Work item >>
The full listing, copied exactly and free of pictures, is the expected reply.

Supplied information >>
***
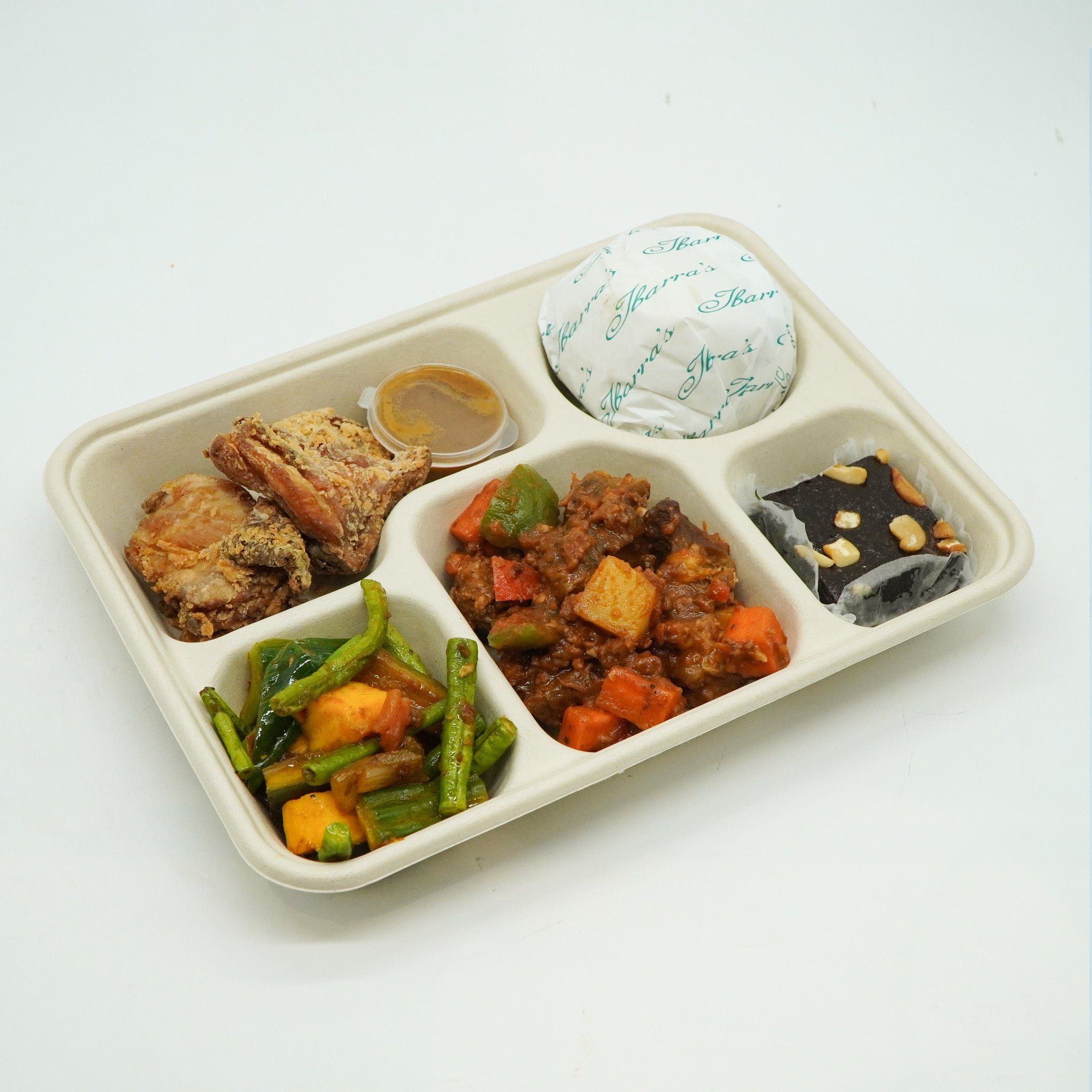 Beef Caldereta, Country Fried Chicken, Pinakbet and Fudge Brownie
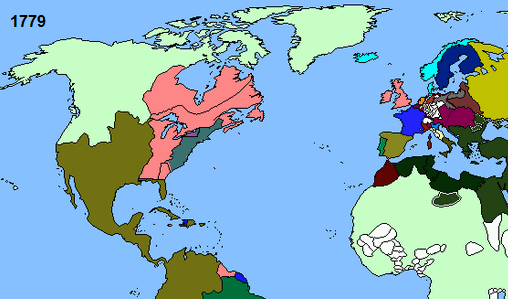 Map with Europe, "America", and
                        "U.S.A." 1779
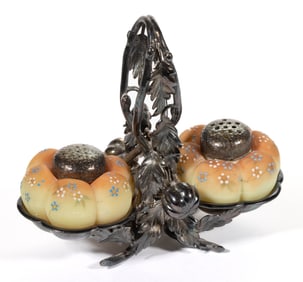 MT. WASHINGTON TOMATO BURMESE SALT AND PEPPER SHAKERS IN STAND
***
Result >>
 Beef Caldereta, Country Fried Chicken, Pinakbet and Fudge Brownie
 Map with Europe, "America", and
                        "U.S.A." 1779
 MT. WASHINGTON TOMATO BURMESE SALT AND PEPPER SHAKERS IN STAND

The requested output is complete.